- _ACTION ITEM_
Print every entry word for word, but omit the pictures.

- _THE DATA_
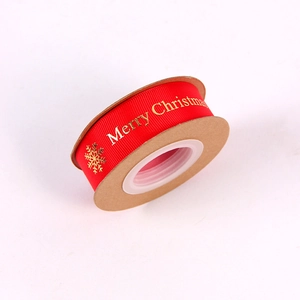 Rood 2,5 cm kerstlint met gouden Merry Christmas foliedruk op een witte achtergrond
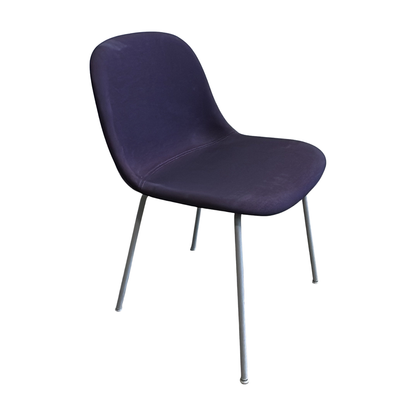 Muuto Fiber Loungestol i lilla, stofftrukket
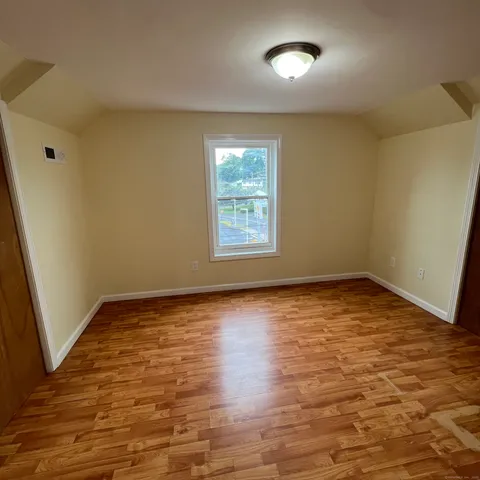 $3,350 | 51 South Street, Danbury, CT 06810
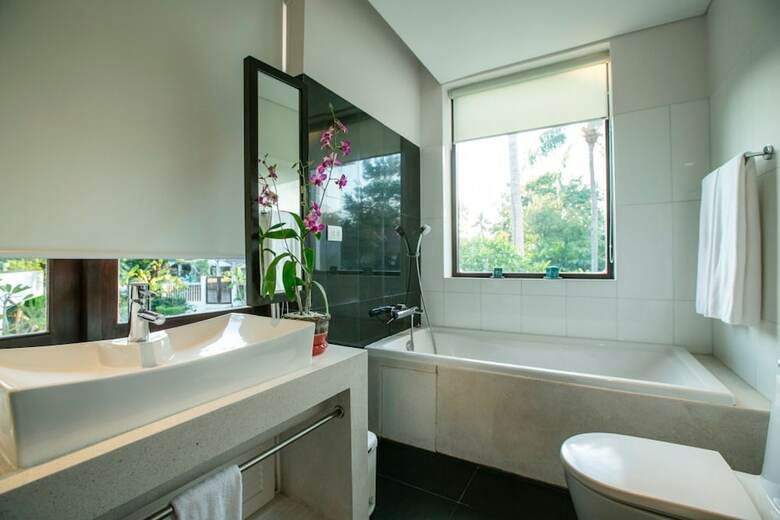 2 Bedroom Luxury Villa Heliconia Near Beach Front
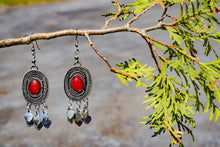 Charger l'image dans la galerie, Silver-Finished Brass Necklace with Murano Glass Accents-Red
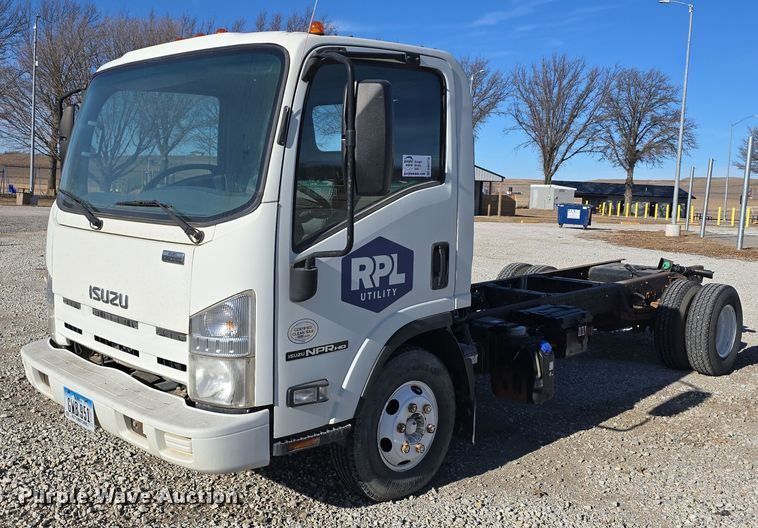 image for item DW3116 2014 Isuzu NPR HD truck cab and chassis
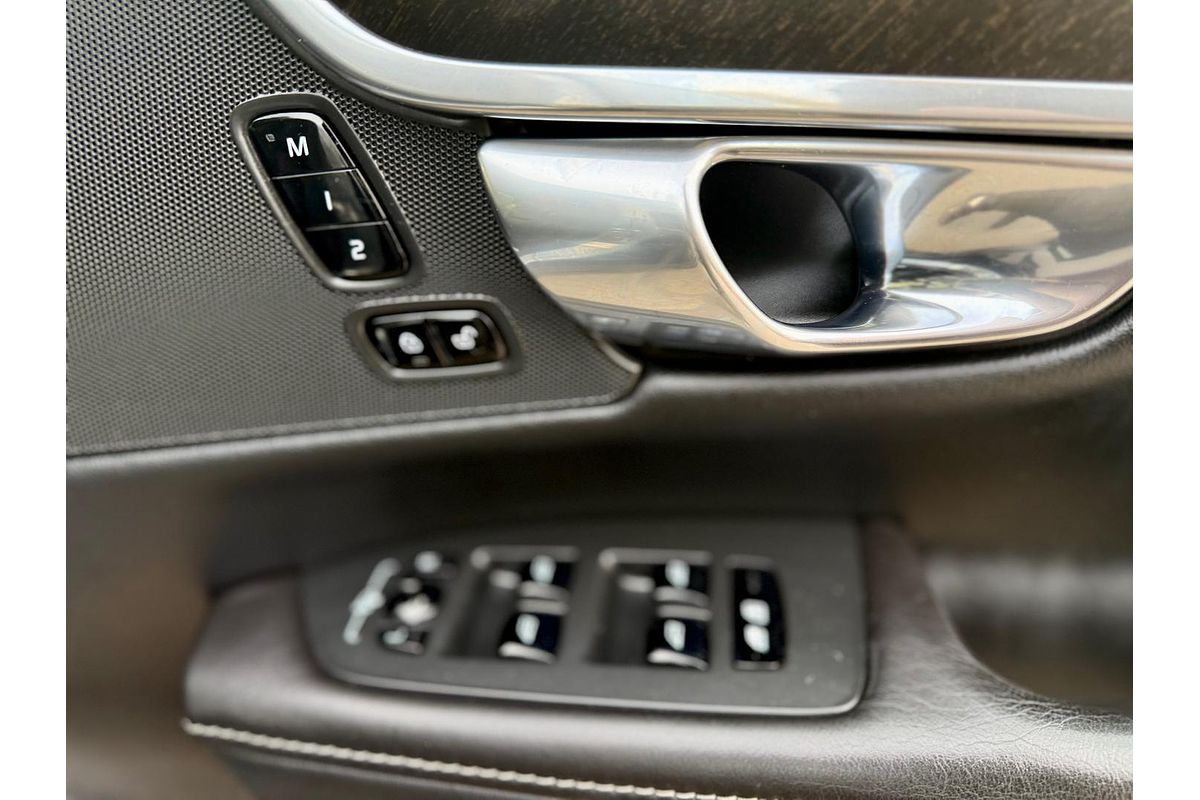 2017 Volvo V90 Cross Country D5 Inscription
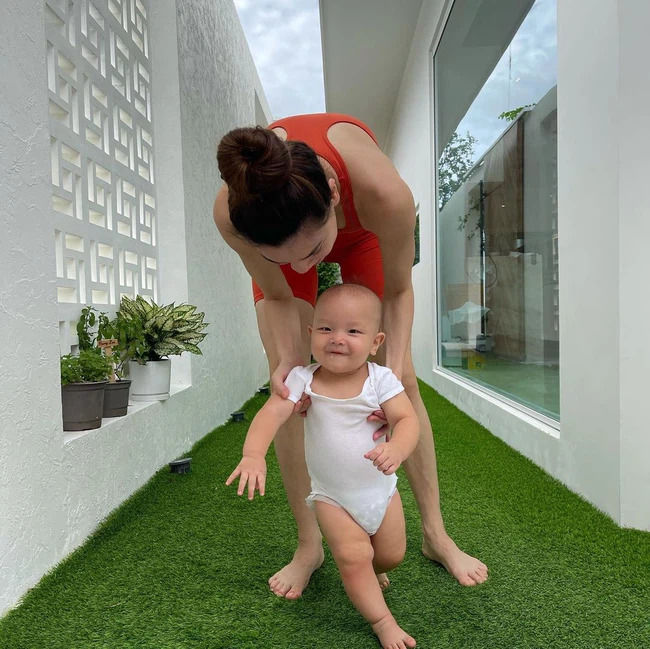 Xem dàn nhóc tỳ hot nhất MXH tập đi: Lisa làm mẹ Hà lo lắng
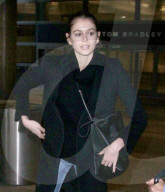 PEOPLE - Kaia Gerber am Flughafen von LA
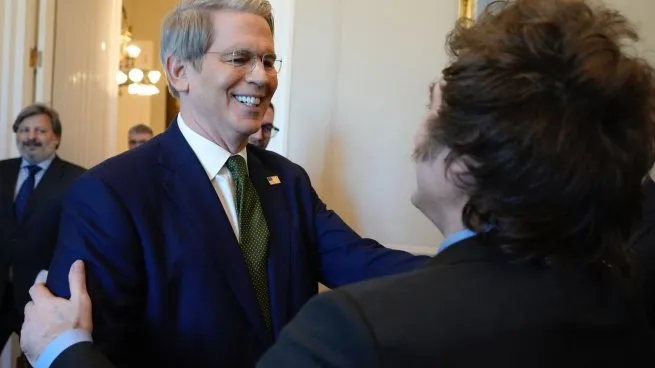 Desde Estados Unidos destacan el liderazgo de Milei y ubican a la Argentina como eje regional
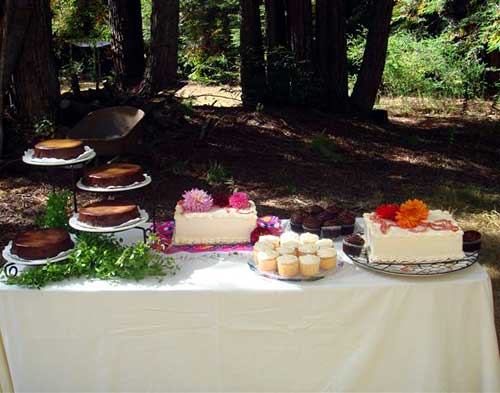 Wedding cakes look tasty! -- 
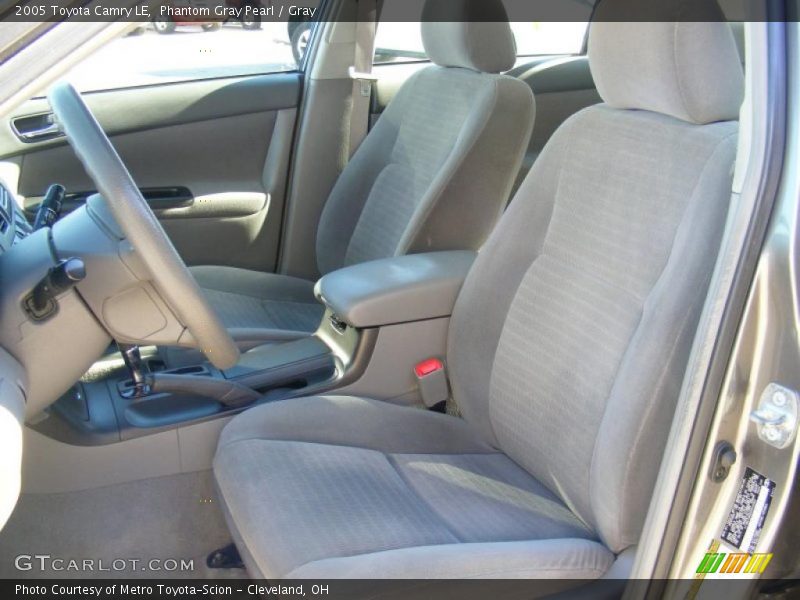 Phantom Gray Pearl / Gray 2005 Toyota Camry LE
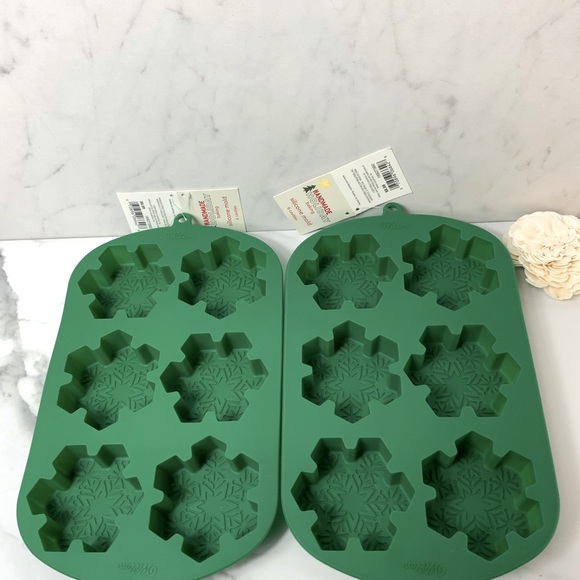 Set of 2 Wilton silicone snowflake molds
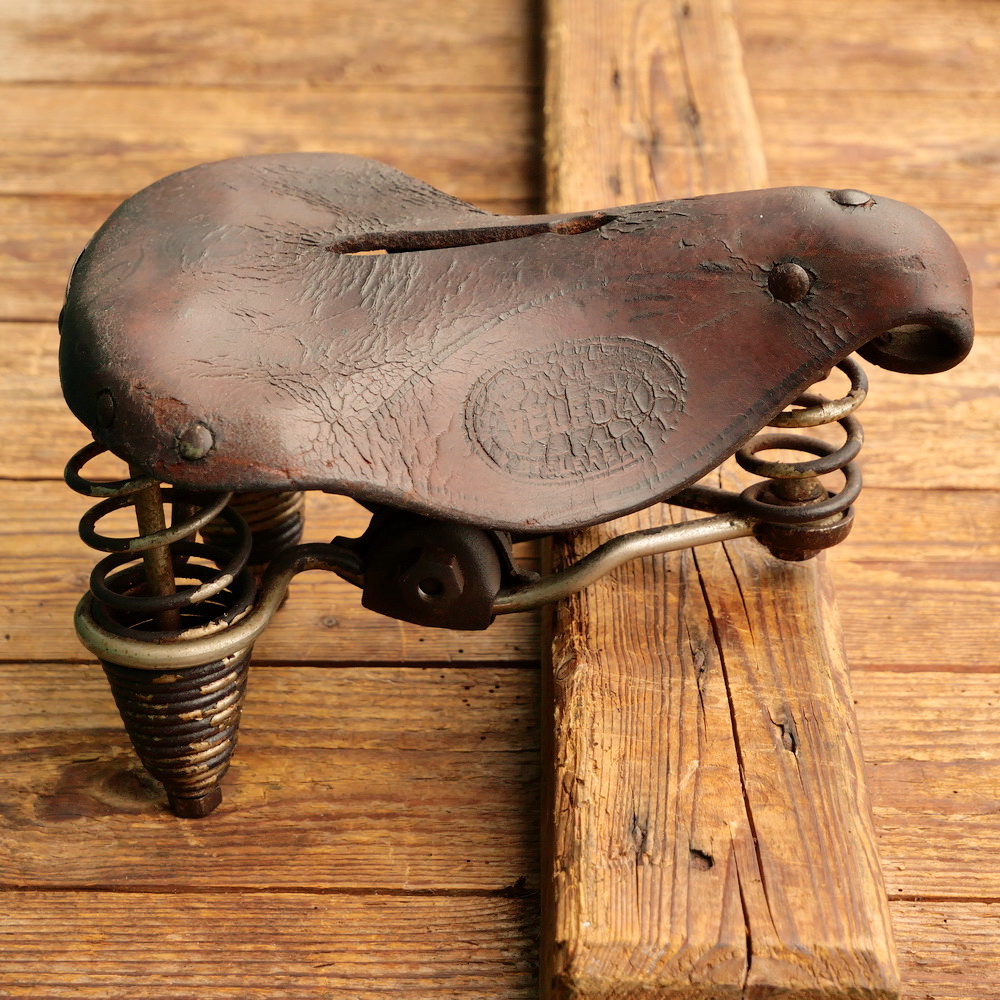 Sattel, Damen, VELEDA, 20er/30er J., für Tourenrad, Leder braun, Gestell vernickelt, gebr.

- _RESULT OF THIS EXERCISE_
 Rood 2,5 cm kerstlint met gouden Merry Christmas foliedruk op een witte achtergrond
 Muuto Fiber Loungestol i lilla, stofftrukket
 $3,350 | 51 South Street, Danbury, CT 06810
 2 Bedroom Luxury Villa Heliconia Near Beach Front
 Charger l'image dans la galerie, Silver-Finished Brass Necklace with Murano Glass Accents-Red
 image for item DW3116 2014 Isuzu NPR HD truck cab and chassis
 2017 Volvo V90 Cross Country D5 Inscription
 Xem dàn nhóc tỳ hot nhất MXH tập đi: Lisa làm mẹ Hà lo lắng
 PEOPLE - Kaia Gerber am Flughafen von LA
 Desde Estados Unidos destacan el liderazgo de Milei y ubican a la Argentina como eje regional
 Wedding cakes look tasty! -- 
 Phantom Gray Pearl / Gray 2005 Toyota Camry LE
 Set of 2 Wilton silicone snowflake molds
 Sattel, Damen, VELEDA, 20er/30er J., für Tourenrad, Leder braun, Gestell vernickelt, gebr.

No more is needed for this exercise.